Our meet for Thursday August 9th 7:20 P.M. Barnes & Noble. 

This time each of us are reading one or two letters by C. S. Lewis of our own choice. 
Come ready to read and discuss and with any questions. No formal written out questions are necessary.  No problem if some of us chose the same letter. See you there! 


Wednesday, July 11, 2018

Discussion Questions for The Pilgrim's Regress            Thursday July 12th 7:20 p.m. B&N

1. What do you think is the significance of the fact that John must regress rather than progress like Bunyan’s Christian? 

2. Lewis says that this book is an “allegorical apology for Christianity, Reason and Romanticism”. How is this book a defense of each of these three entities?

3. What is the significance of the fact that John is born in the land of Puritania? How might this relate to Lewis’ own life? How do Puritanism in Bunyan’s allegory and Puritanism in Lewis’ allegory compare and contrast?

4. How does John’s experience of the primroses compare to Lewis’ first experience of “joy”? 

5. What is the meaning of the masks in Book I, chapter 3? Has your experience of religion ever been similar to John’s? How?

6. What is the meaning of the Island? Is John’s vision of the Island merely an aesthetic experience? Does reading John’s story fill you with any desire to see the Island? 

7. What is meant by the chapters entitled “Leah for Rachel”? Have you ever sought joy in a certain place only to find it wasn’t there? 

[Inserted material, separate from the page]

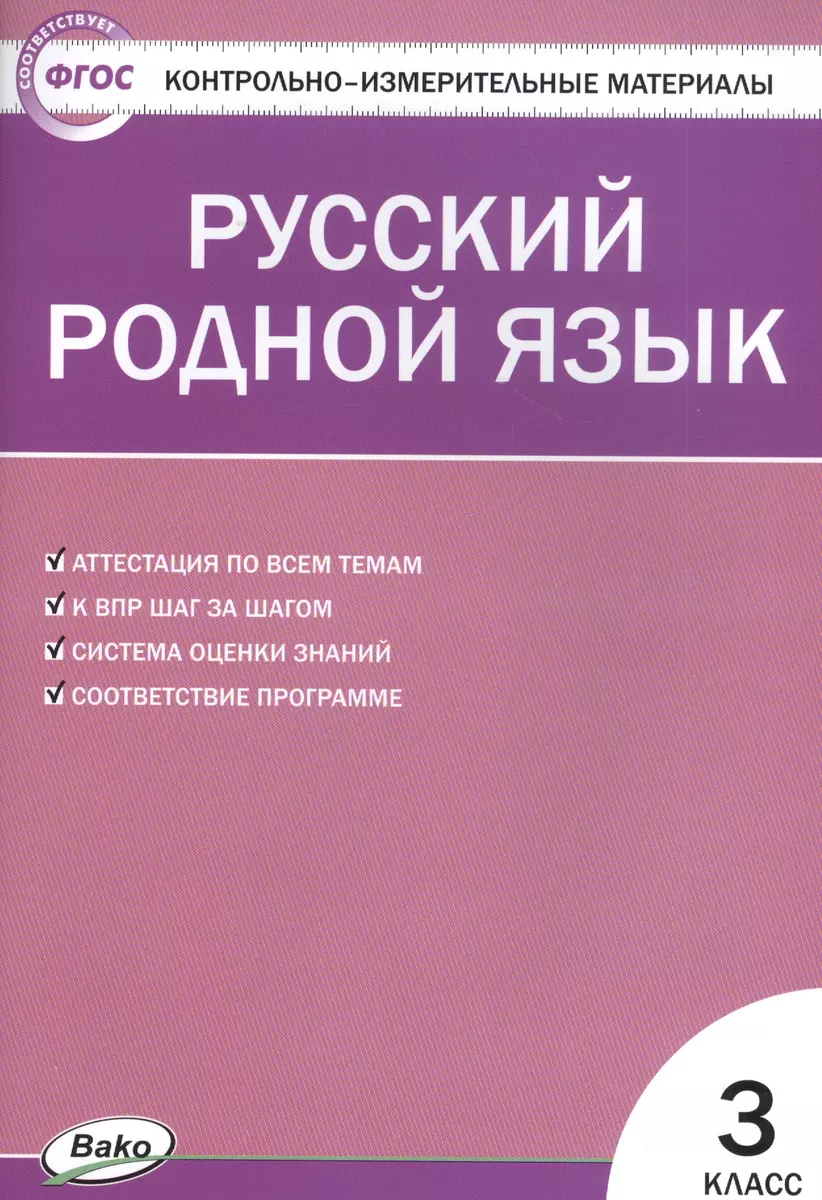 Русский родной язык. 3 класс (Татьяна Ситникова) - купить книгу с доставкой  в интернет-магазине «Читай-город». ISBN: 978-5-408-05192-2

8. How does John’s desire for the Island ultimately lead him to Mother Kirk? How did Lewis’ experience of joy lead him to Christ? How about you– has desire played any role in leading you to God? 

9. What role does Reason play in leading John to Mother Kirk? What role did Reason play in leading Lewis to Christianity? What role has Reason played in leading you closer to Christ? 

10. What did you think of Mother Kirk’s Story in Book V, Chapter 2? Do you find it more or less compelling than the corresponding biblical account of the fall? Why?

11. What is the significance of the Man’s comment to John that he and Vertue will both recover only if they keep together? 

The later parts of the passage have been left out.